Default locations per country for Maxmind

Maxmind is a cool company that offers location services for a small monthly fee. In addition, they offer a subset of the databases their services use to the public under an Open Source creative commons attribution licenses. If you download and load one of these databases, you’ll be able to do IP to location lookups. Cool stuff!

Geolocation

For Bridal App, the platform for the bridal industry that I’ve been working on, we want to show the visitor those bridal dresses that are actually available in their area. For highly detailed location data (provided by the W3C Geolocation Api) we need to ask the user’s permission, but we can get a rough estimate of where the visitor is based on their IP address so we can start out at least somewhere in the right area.

I’ve found Maxmind’s Geolite2 City database to offer remarkable precision, mostly pointing out the correct city and sometimes even down to the zipcode level. However, it doesn’t always work.

When we are not able to detect the user’s location based on their IP, we want to fallback to a default location based on their browser locale settings. Because Maxmind’s database is a little biased towards the US, it will often give us a location near the center of the United States, which is not convenient for us as we are based in Europe. BTW, there are people living at those fallback coordinates and they are having a hard time… Talk about the unintended consequences tech decisions can have sometimes!

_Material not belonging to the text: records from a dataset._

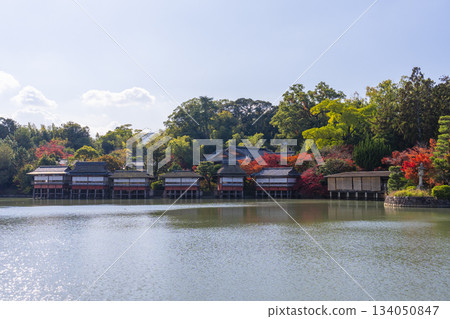 長岡天滿宮、金水亭、紅葉季節（京都府長岡京市） 134050847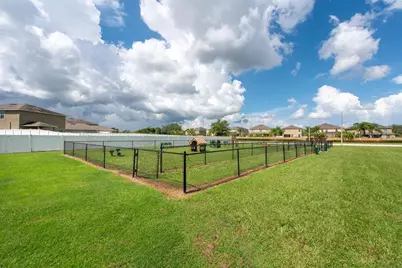 14452 English Lavender Drive, Wimauma, FL 33598 - Photo 62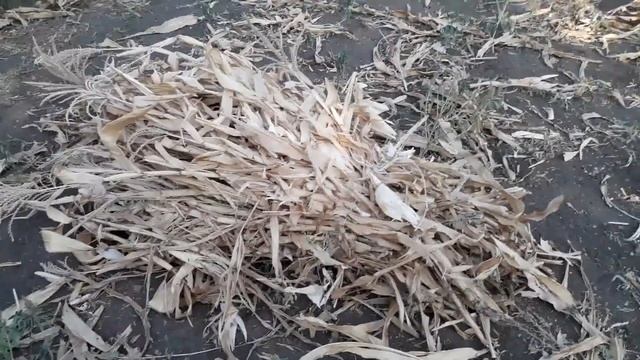 Уборка кукурузы в селе. смотреть онлайн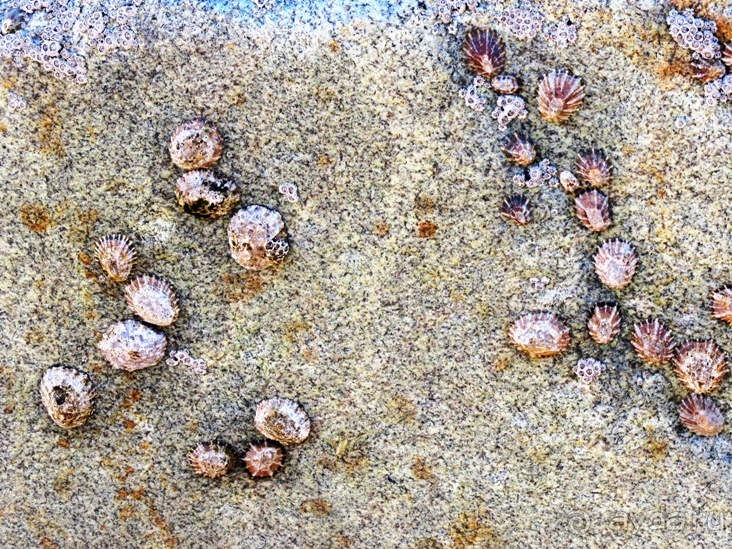 Порту и окрестности (Коимбра, Виана ду Каштело, Брага, Гимарайш, Вила ду Конде) Часть 2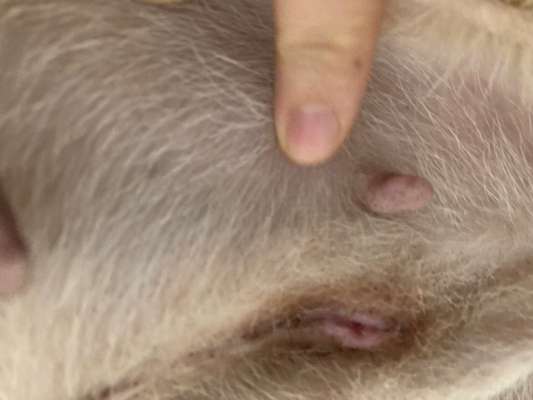 Probleme mit der Narbe nach Kastration-Beitrag-Bild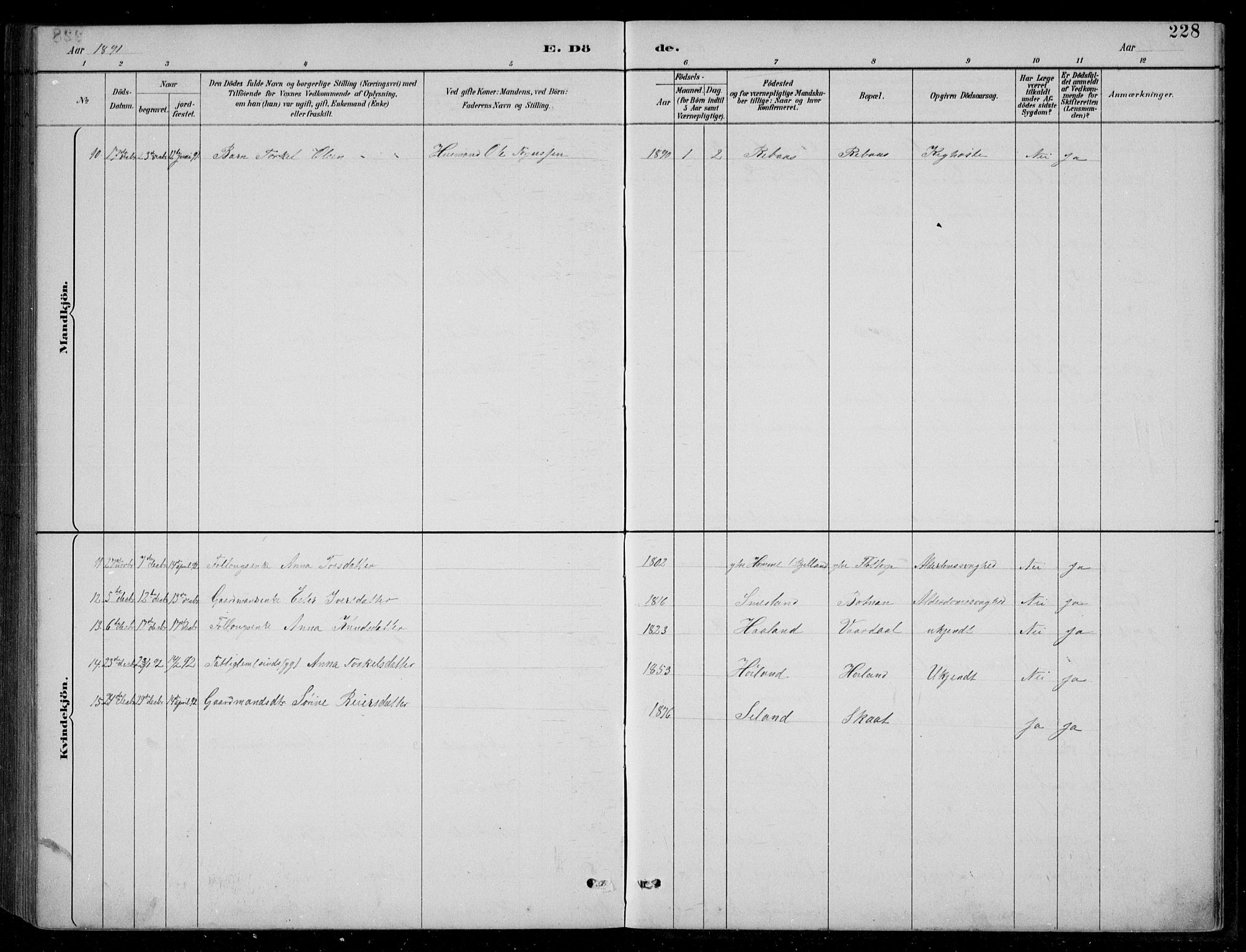 Bjelland sokneprestkontor, SAK/1111-0005/F/Fb/Fbc/L0003: Parish register (copy) no. B 3, 1887-1924, p. 228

Anyway, we wanted to get a list of all default coordinates for each country so we could look up the defaults based on the 2-letter country code from their browser locale. Here’s the query I ended up writing:

select distinct b.geoId, rg.countryName, rg.countryCode, b.latitude, b.longitude
from geoip_blocks_ipv4 b, geoip_regions rg
where b.geoId in (
  select r.geoId
  from geoip_regions r
  where r.locale = ‘en’
  and r.subdivision1Name = ”
  and r.subdivision2Name = ”
  and r.city = ”
  and countryCode <> ”
)
and b.countryGeoId = b.geoId
and b.representedCountryGeoId is null
and b.postalCode is null
and not b.latitude is null
and b.geoId = rg.geoId
and rg.locale = ‘en’
order by rg.countryCode asc;

It runs slowly, then yields 241 results after 7 – 8 seconds, a small snippet of which is shown below:

geoId, countryName, countryCode, latitude, longitude
3041565, Andorra, AD, 42.5, 1.5
290557, United Arab Emirates, AE, 24, 54
1149361, Afghanistan, AF, 33, 65
3576396, Antigua and Barbuda, AG, 17.05, -61.8
3573511, Anguilla, AI, 18.25, -63.1667
783754, Albania, AL, 41, 20
174982, Armenia, AM, 40, 45
3351879, Angola, AO, -12.5, 18.5
3865483, Argentina, AR, -34.6033, -58.3817
2782113, Austria, AT, 48.2, 16.3667
2077456, Australia, AU, -27, 133
587116, Azerbaijan, AZ, 40.5, 47.5
3277605, Bosnia and Herzegovina, BA, 44, 18
3374084, Barbados, BB, 13.1667, -59.5333
1210997, Bangladesh, BD, 23.7, 90.375

I’m not much of a SQL guru, so the query I came up with is slow and mostly wrong probably… As I have no idea whether the criteria I am using are the right ones. I arrived at this mostly by experimentation, guesses and trial and error. But at least it seems it’s giving us a location per country and the one for the US is actually giving us the correct result, so I’m using this until I come up with something better.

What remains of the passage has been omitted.